■ Supplied records:
::::::
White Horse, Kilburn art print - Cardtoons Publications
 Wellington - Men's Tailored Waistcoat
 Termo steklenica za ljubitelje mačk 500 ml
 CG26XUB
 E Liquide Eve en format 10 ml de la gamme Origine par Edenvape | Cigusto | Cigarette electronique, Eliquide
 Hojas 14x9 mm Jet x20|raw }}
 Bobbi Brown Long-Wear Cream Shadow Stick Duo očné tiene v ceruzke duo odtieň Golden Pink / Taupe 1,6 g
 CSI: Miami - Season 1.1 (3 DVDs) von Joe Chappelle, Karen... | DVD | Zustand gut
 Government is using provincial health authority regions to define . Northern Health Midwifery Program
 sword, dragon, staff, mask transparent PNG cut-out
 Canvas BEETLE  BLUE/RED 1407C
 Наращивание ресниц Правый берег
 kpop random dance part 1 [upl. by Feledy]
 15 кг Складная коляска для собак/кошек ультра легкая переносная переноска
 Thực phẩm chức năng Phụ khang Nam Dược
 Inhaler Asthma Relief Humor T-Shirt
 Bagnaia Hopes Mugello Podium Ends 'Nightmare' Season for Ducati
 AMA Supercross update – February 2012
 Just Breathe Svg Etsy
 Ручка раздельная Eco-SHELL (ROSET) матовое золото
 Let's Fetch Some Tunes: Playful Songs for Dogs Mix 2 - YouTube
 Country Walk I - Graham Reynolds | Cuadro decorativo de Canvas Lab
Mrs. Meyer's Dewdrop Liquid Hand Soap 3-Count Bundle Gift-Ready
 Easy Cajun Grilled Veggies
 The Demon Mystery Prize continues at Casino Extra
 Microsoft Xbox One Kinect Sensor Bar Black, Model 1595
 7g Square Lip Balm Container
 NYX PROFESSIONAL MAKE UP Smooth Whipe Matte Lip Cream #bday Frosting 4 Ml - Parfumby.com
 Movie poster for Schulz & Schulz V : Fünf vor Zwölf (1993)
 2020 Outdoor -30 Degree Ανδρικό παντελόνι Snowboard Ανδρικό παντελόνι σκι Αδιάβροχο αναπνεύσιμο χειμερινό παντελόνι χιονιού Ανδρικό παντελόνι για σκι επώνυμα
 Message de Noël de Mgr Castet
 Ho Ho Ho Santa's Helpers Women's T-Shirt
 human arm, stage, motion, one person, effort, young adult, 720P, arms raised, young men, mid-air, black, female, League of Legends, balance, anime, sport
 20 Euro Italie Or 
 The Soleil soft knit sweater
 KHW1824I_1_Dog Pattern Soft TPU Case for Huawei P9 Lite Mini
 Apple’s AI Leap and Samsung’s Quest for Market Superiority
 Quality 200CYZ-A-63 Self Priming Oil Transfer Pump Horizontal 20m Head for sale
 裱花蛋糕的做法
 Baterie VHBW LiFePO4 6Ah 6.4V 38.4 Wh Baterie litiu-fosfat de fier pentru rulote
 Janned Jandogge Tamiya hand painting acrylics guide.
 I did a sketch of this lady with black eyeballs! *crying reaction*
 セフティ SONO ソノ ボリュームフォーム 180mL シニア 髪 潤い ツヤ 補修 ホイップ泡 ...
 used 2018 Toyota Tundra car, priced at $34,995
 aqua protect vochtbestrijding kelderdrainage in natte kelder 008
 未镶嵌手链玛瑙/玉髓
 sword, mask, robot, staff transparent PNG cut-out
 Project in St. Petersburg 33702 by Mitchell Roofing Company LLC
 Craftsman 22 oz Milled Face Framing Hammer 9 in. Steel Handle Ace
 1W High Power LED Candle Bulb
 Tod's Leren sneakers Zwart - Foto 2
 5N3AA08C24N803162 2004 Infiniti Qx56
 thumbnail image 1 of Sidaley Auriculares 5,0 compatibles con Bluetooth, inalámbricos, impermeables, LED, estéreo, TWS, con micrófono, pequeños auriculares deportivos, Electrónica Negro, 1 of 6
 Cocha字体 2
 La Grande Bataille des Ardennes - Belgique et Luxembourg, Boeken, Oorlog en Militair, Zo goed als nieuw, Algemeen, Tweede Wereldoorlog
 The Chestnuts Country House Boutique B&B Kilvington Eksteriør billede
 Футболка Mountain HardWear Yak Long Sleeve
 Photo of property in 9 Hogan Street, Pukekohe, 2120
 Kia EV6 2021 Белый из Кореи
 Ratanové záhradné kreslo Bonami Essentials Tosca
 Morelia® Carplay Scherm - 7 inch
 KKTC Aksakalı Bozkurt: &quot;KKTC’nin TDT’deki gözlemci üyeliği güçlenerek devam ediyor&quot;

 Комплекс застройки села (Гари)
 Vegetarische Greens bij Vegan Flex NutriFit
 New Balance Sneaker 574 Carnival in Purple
::::::
■ Description of the task: Determine the number of lines in the records that include the string "Season", and respond with that number only.

■ Output of the task: 2